Si l'un tombe…


26 Sep

Ecclésiaste 4.10 - Car, s’ils tombent, l’un relève son compagnon...


En tant que chrétien(ne), serviteur ou servante de Dieu, est-il possible de se relever après la chute ? Certains répondront oui, car sept fois le juste tombe, et il se relève (Proverbes 24.16). D’autres diront non car il est impossible que ceux qui ont été une fois éclairés, qui ont goûté le don céleste, qui ont eu part au Saint-Esprit, qui ont goûté la bonne parole de Dieu et les puissances du siècle à venir, et qui sont tombés, soient encore renouvelés et amenés à la repentance, puisqu’ils crucifient pour leur part le Fils de Dieu et l’exposent à l’ignominie (Hébreux 6. 4 à 6). Que penser alors ? Que croire ?


Pour ceux qui sont tombés, mais qui malgré tout sont restés accrochés de toute leur force au Seigneur, le premier verset va être pour eux la bouffée d’air qui va les fortifier jour après jour, espérant contre toute espérance, le relèvement.

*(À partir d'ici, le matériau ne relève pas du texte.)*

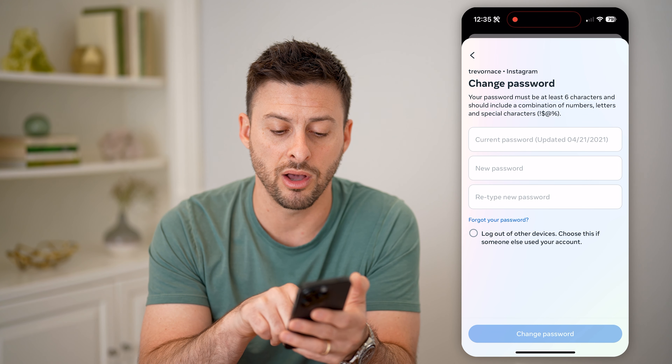However, if you don't recognize any of these devices or you weren't at these locations to log in, you can hit Select Devices to Log Out. Then you can select one or all of these and hit the blue Log Out.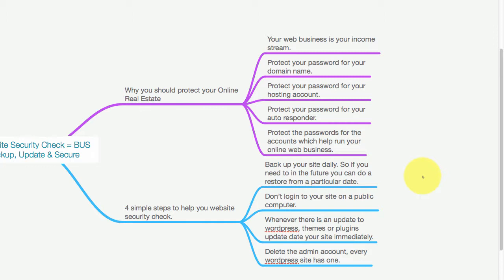Never log into your site on a public computer. Whenever there is an update to WordPress, themes, or plugins, update your site immediately. And lastly, delete the admin account - every WordPress site has one. Those are four simple steps to help with your website security check.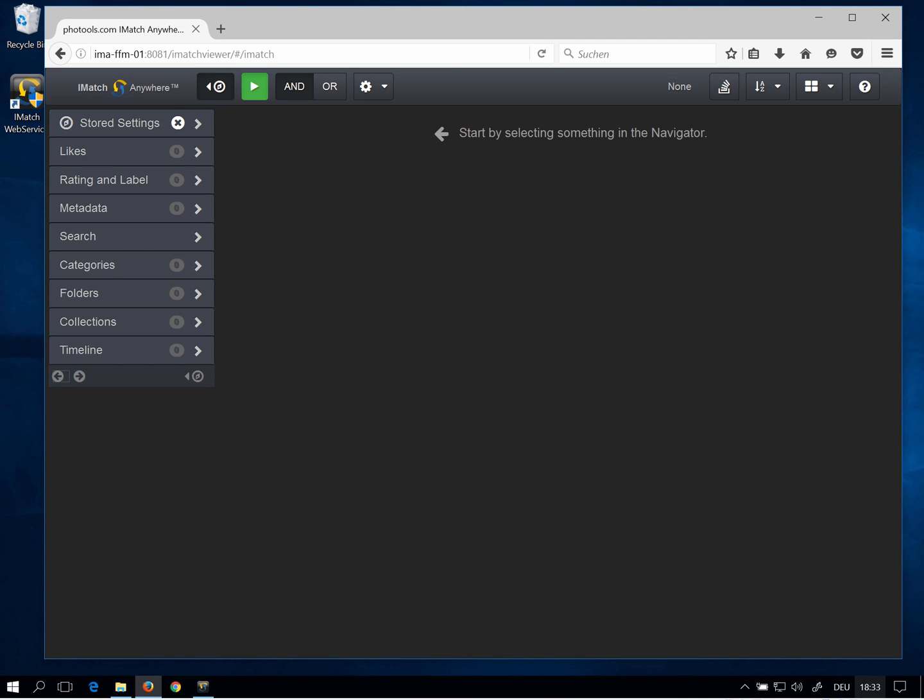This is the iMatch WebViewer application which enables you to browse iMatch databases remotely. I will do a separate video explaining how to use WebViewer.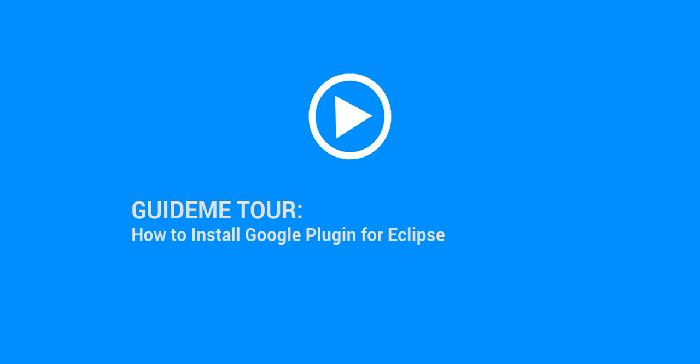Welcome to GuideMe.io, let's learn how to install Google Plugin for Eclipse.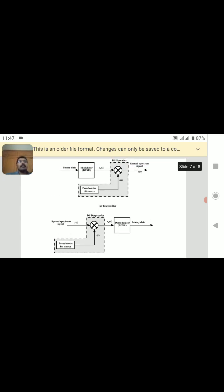This is one type of spreading sequence, that is Direct Sequence Spread Spectrum. In the next session, we are going to see about Frequency Hopping Spread Spectrum. Thank you.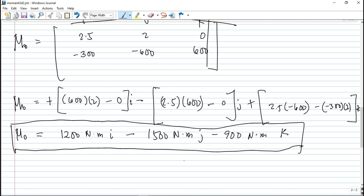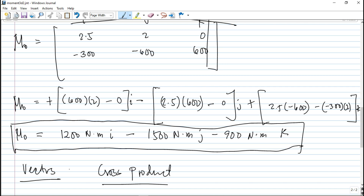That is how you find the moment about a certain point in three-dimensional structures. Key pointers for this topic: vectors, finding the vectors, and the cross product — these are the foundations. Also important is the use of unit vectors so we don't need to go through trigonometry. That's our topic for today, thank you for watching and see you in the next video.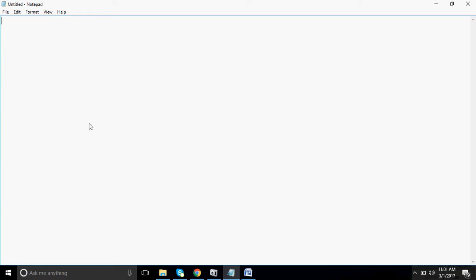There are some free editors like Notepad++, you can download Sublime, you can download TextMate for Mac, you can download Brackets for Apple and Windows. I am using a predefined editor that is available in Windows - I am using Notepad. I have opened Notepad and right now I will just write the basic structure of HTML.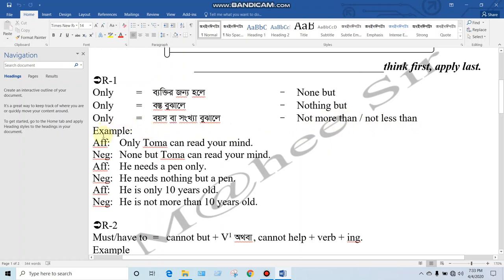For example: 'Only you can read your mind.' If you are not more than or less than, then you can read your mind. So, 'none but you can read your mind.' This is the 'none but' form.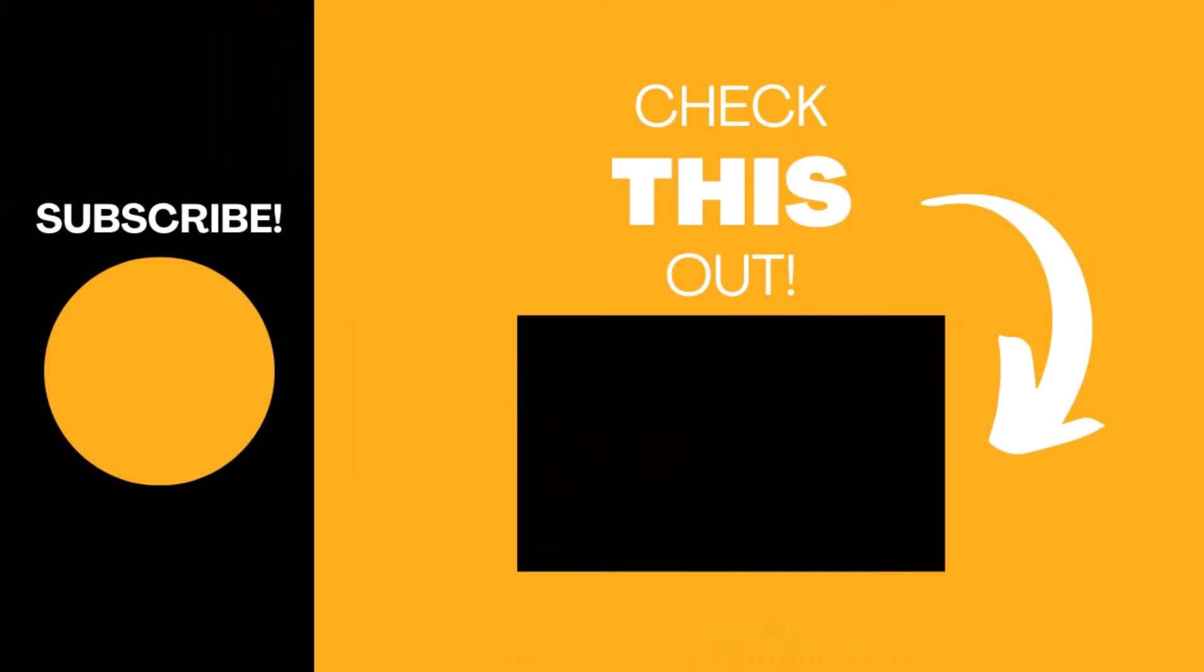Hopefully you found this video useful. If so, please like the video and subscribe to the channel for more top tech tips. Thank you.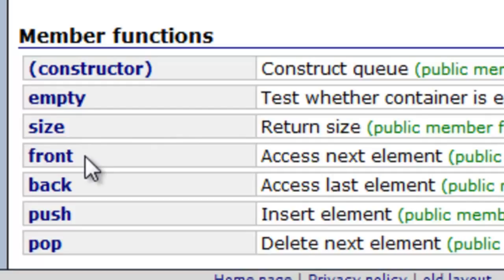We can get the front item in our queue, which is the oldest item. We can get the back item in the queue, which is the newest item. This is first in, first out.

Ceux qui sont encore debout vont s’appuyer de toutes leurs forces sur ce deuxième verset pour justifier toute la condamnation qui émane de leur bouche sur ceux qui sont tombés, pour justifier certains actes, comportements, voire même calomnies.


S’il est vrai que certains en tombant se détournent complètement de Dieu, décidant de reprendre le chemin vers le monde et tous ses attraits, d’autres, quant à eux, s’humilieront mais pourtant se débattront avec la culpabilité, les actes méchants accomplis à leur encontre, les temps de silence de Dieu, et tout le lot d’humiliation qui accompagne une chute. Quand nous avons chuté, il est parfois difficile de se pardonner à soi-même. Pourtant, si Dieu nous pardonne, qui sommes-nous pour ne pas nous pardonner ?


Malheureusement, ceux qui sont tombés sont souvent amenés à douter de la réalité du pardon de Dieu. Et si Dieu ne me pardonnait pas ou plus ? Et si Dieu ne me relevait pas ?


Force est de constater que pendant ces temps, la solitude, le rejet, la tristesse sont les compagnons de chaque jour mais tout cela n’est rien en comparaison du fait de croire au rejet définitif de Dieu et de sa présence à nos côtés. Et la question qui vient à l’esprit c’est : dois-je continuer à croire que c’est possible ou tout lâcher ? 


Alors commence un autre terrible combat : « Seigneur, je veux continuer avec Toi, je veux rester accroché(e) à toi, ce n’est pas le mort qui te loue, mais le vivant, Seigneur AU SECOURS ». C’est un véritable brisement que de se croire rejeté(e) de Dieu, il n’y a pas pire. Vous pouvez être moqué(e), trahi(e), calomnié(e), tout cela fait mal et très mal, mais penser que vous êtes rejeté(e) de Dieu à jamais est quelque chose de plus terrible encore. De plus, le péché étant ce qu'il est et étant une ouverture à l'ennemi de nos âmes lui permettant de s'infiltrer, il ne se gêne pas pour faire table rase de tout ce qui vous appartient, un peu à l'instar de Job.


Ce sont, de plus, des temps où vous devez vous battre sur plusieurs fronts. Non seulement, vous devez lutter contre l’amertume et le ressentiment, ce qui n’est pas facile quand vous êtes assaillis ; les gens utilisant votre chute pour couvrir la leur ou pour calomnier à votre sujet sur tout un tas de choses. Mais de plus, vous qui sembliez autrefois être aimé(e), apprécié(e) pour qui vous étiez, n’êtes assimilé(e) maintenant qu’à votre faute. Il semblerait que vous ne vous appeliez plus pareil, que vous n’êtes plus la même personne. Vos « ami(e)s » sont maintenant inexistant(e)s. L’autre front est de rester attachés à Dieu et de refuser de croire tout ce qui vient sur notre cœur : « bon pour l’enfer ». 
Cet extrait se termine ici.